First, peel yourself a large sweet potato.  And I mean LARGE.  Cut that sucker up.

Plop the potato pieces in a pot and boil them silly until they’re mashable.  Then of course mash them.

Preheat your oven to 350°F and lightly brush a rimmed baking sheet with olive oil.

In a large bowl, plop in 1lb ground meat.  We used extra lean ground beef, but you can use turkey, chicken, pork, or lamb — or really, whatever you want.

Add to that 1/4 teaspoon garlic powder (not garlic salt) and a large egg.  Drop in 5 tablespoons large flake rolled oats as well, just for cohesion purposes.

Chuck in the mashed sweet potato and mix it well.

Spread it flat on the prepared cookie sheet and smooth the top.

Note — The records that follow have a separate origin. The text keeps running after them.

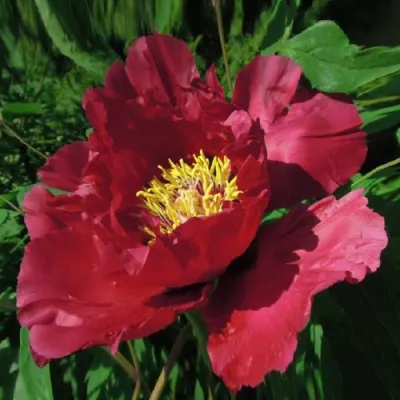 Пион КРАСНЫЙ ЛОТОС древовидный в Сургуте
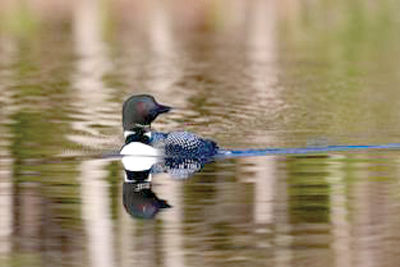 Two lead-poisoned loons found in New Hampshire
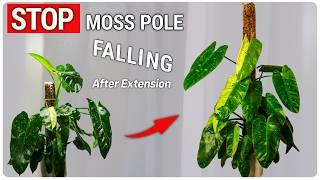 Ultimate Guide to Moss Pole Extensions that Don’t FALL!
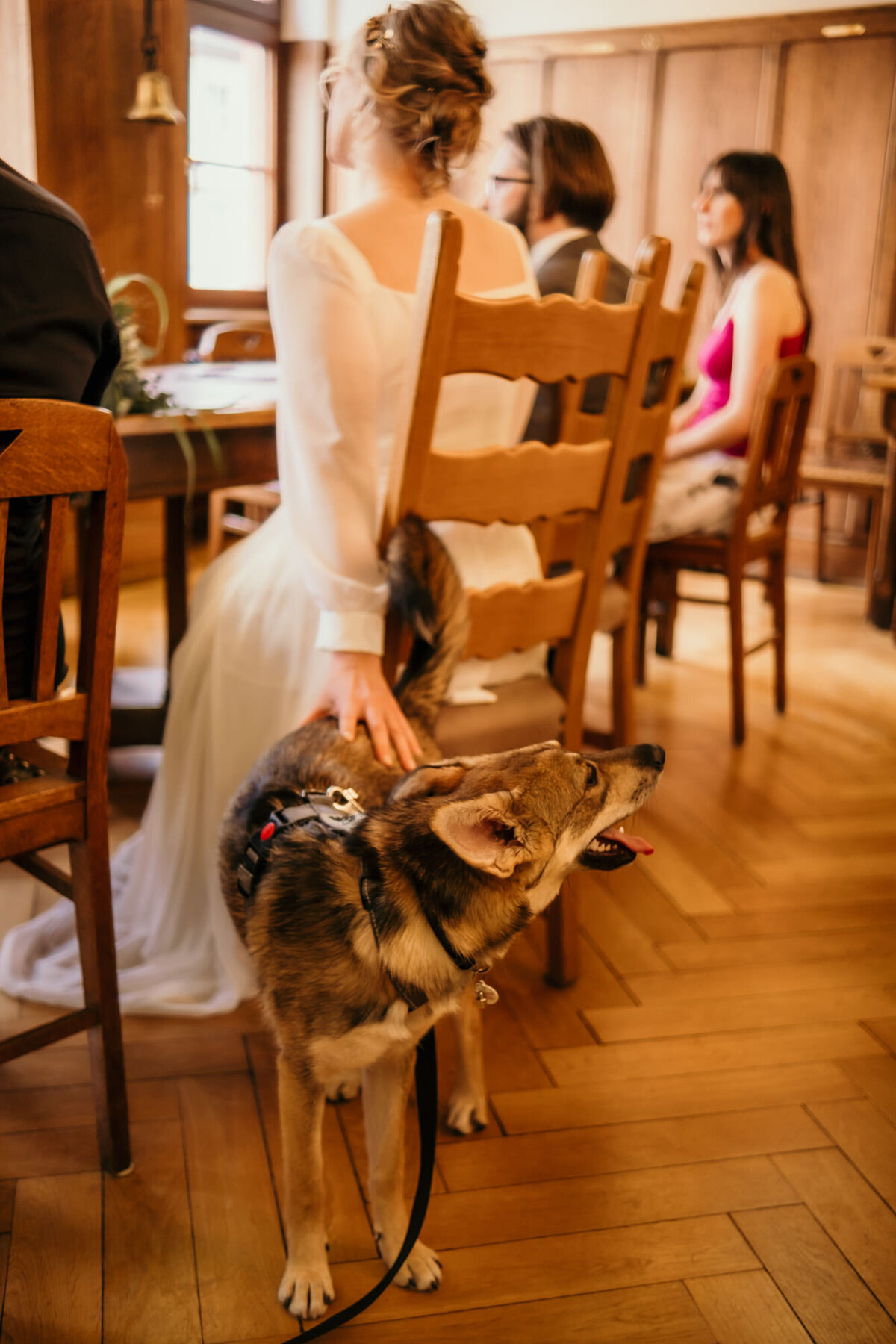 Der Traurednerin zuhörend, streichelt die Braut ihren hinter ihr sitzenden Hund.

Bake for about an hour.  The cookie will shrink and pull away from the sides.  Now you can score the cookie into smaller pieces, or use a cookie cutter to make fun shapes.  A pizza cutter is handy about now too.

Reduce the oven heat to 250°F and pop the cookies back into the oven for another hour or so to dry out.  Keep an eye on them so they don’t burn.

Tada!  That’s it.  Now SIT.

Good dog.Make sure to store your treats in an airtight container, and of course remember that treats should never be used as a substitute for your dog’s regular diet.  Yum yum!